恋愛関係にある男女(同僚同士)が職場で目と目を見合って微笑んでいるとしましょう。気にしない人も多いかもしれませんが、どちらか一方の人に異性としての興味を感じている同僚がいた場合、気になって仕方がなくなり、その結果とんでもないミスを犯してしまうことがあるかもしれません。これが私のいう「事に仕えて濁る」です。目を見合っている方がもつ感情も劣情だし、それが気になる方がもつ感情も劣情です。劣情って何ですか?…広辞苑によれば「いやしい心情」であります。仕事場にいやしい心情をもちこむな、といっているだけです。

文責:清水 佑三

2005/08/10 563

地味なBtoBの会社。学生への知名度をあげる手段は?

社会的に意義があるが、面倒すぎてどこもやらないような仕事に精をだしてみたらいかがでしょうか。御社がSIerというお仕事をしているのであれば、学生向けの「SIer辞典」を編纂してオンラインで無償提供するのです。社員教育用の情報を使えばそんなにお金もかからないでしょう。こうしたいくつかの努力は少しづつ認知を受けてゆくものです。ブランド形成の基本だと思います。

文責:清水 佑三

2005/08/09 562

人と自分を比べて落ち込むことが多い。

同じです。利害が錯綜している人が集まっている場で、率先して発言し、他人の意見や立場をよく踏まえて自分の考えを上手にまとめ、全体の流れをうまくつくっていける人が、ほんとうにいるのですね。HSBCの人事で活躍されている二ールさんというイギリス人です。いつも羨望を感じるのです。その反対に、どうしてこんな下手な言い方、態度で議場を混乱させるのだろうといぶかる人も周囲にいます。その人たちを見ていると優越感を感じるのですね。その二つをうまくバランスをとりながら生きてゆきましょうか。

文責:清水 佑三

2005/08/08 561

人事考課は人に対して行うのか、事に対して行うのか?

物事の成り立ちをよく考えておられる人からの質問だと思いました。
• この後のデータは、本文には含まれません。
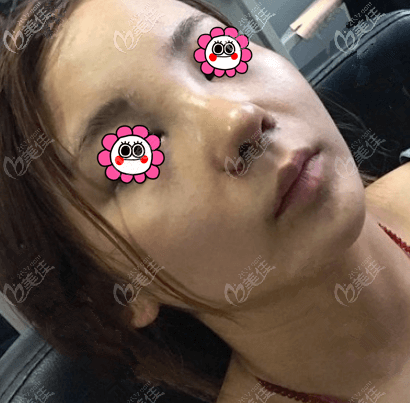 做耳軟骨復(fù)合隆鼻有2天了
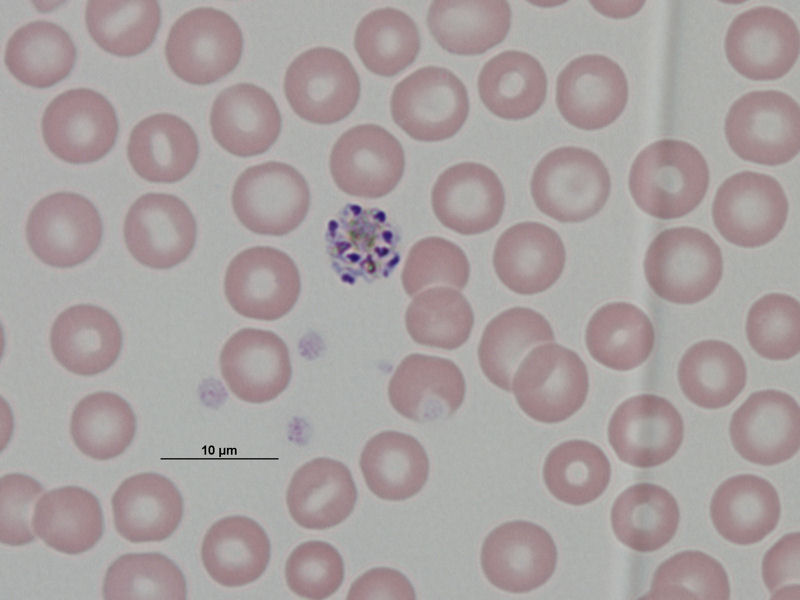 Esquizonte de Plasmodium malariae.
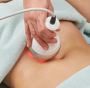 Exilis Treatment in Delhi at AKARA by AAYNA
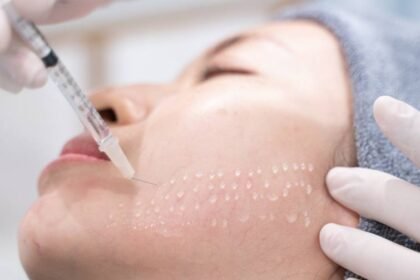 What is Mesotherapy for Face?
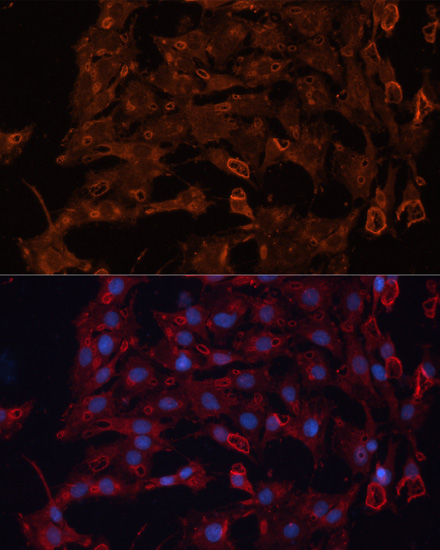 Anti-ABCB11 / BSEP Antibody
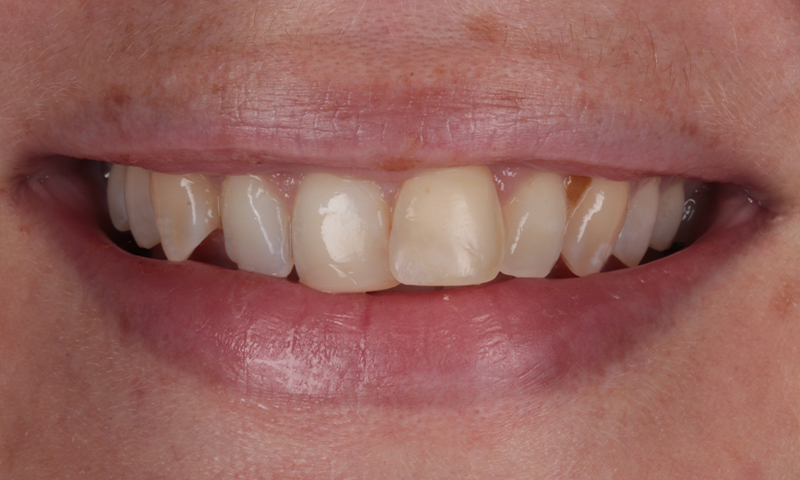Before - Lakewood Dental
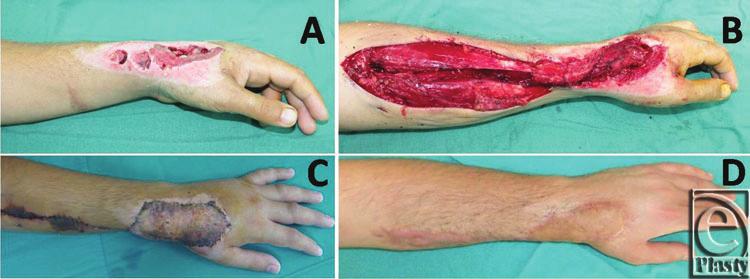 AKDAG ET AL Figure 5. (a) Dorsal hand defect. (b) Flap transposition. (c) Early postoperative result. (d) Late postoperative result. Figure 6. (a) Dorsal hand defect in a 31 years old man.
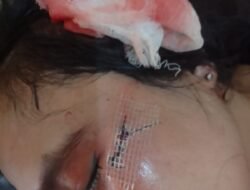 Luka Parah Dianiaya Suami, Ibu Rumah Tangga Di Tanggamus Laporan Polis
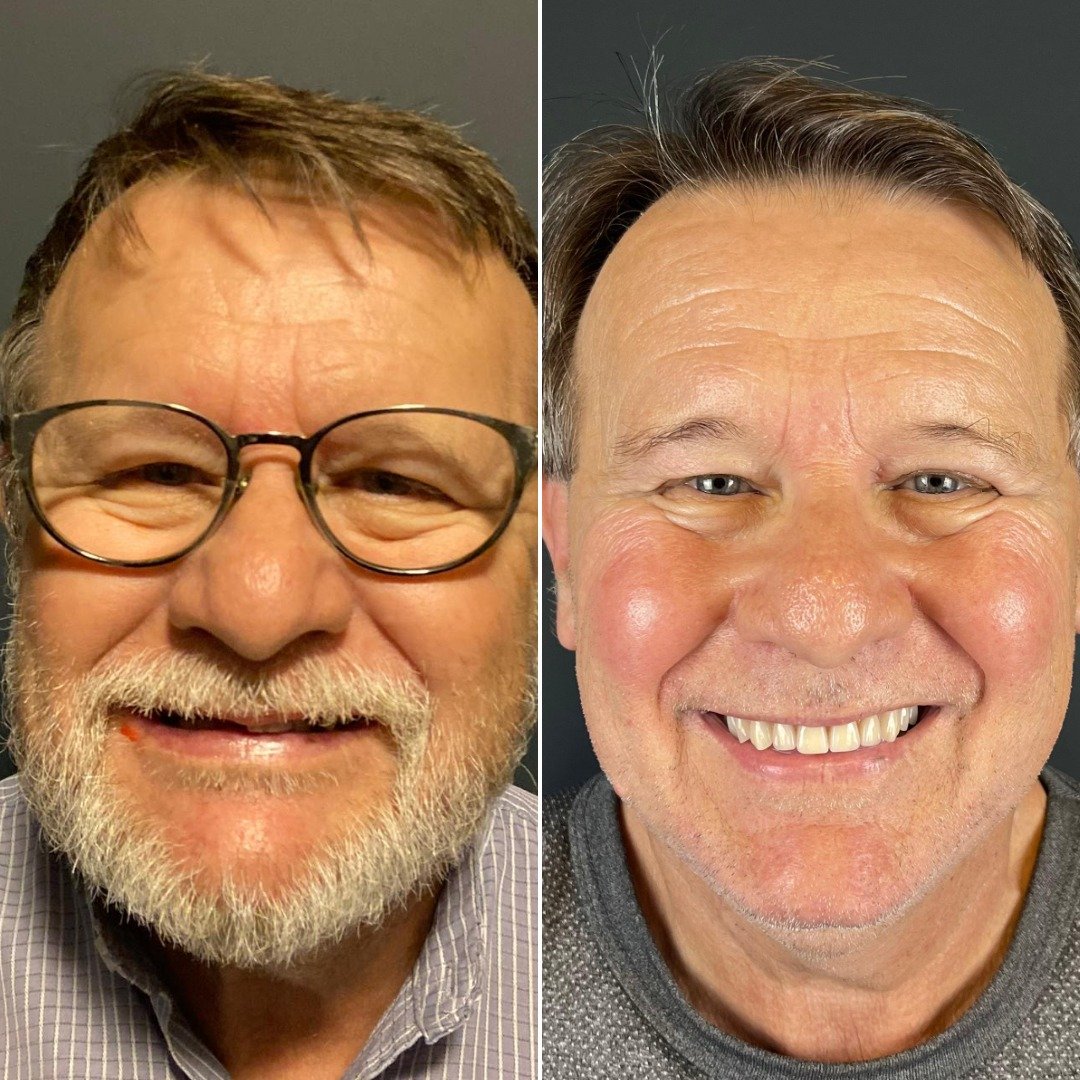 antes-depois3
「刑法」のもつ働きについての根元的な問いかけですね。私が働くエス・エイチ・エルグループでは、評価は人に対してではなく、事に対して行う、と言い切っています。もっといえば人格と職能は独立しており、会社は職能を評価することは許されても、人格を評価することは許されない、という理念をかかげています。多くの会社の採用面接、登用面接の現場を見させていただいていますが、日本に生まれ日本に育った人には、この理念はどうしても馴染みにくく、評価の対象は事ではなく人になっているように思います。私の今の見解は、元々遺伝的に(我々には)備わっていない職能の分離、抽出にこだわらないで、人のどこをどのように見るかという技術論を精緻にしてゆくことで、(人を見ても)事を見るのと同じ評価に達する工夫をしてゆくべきだ、です。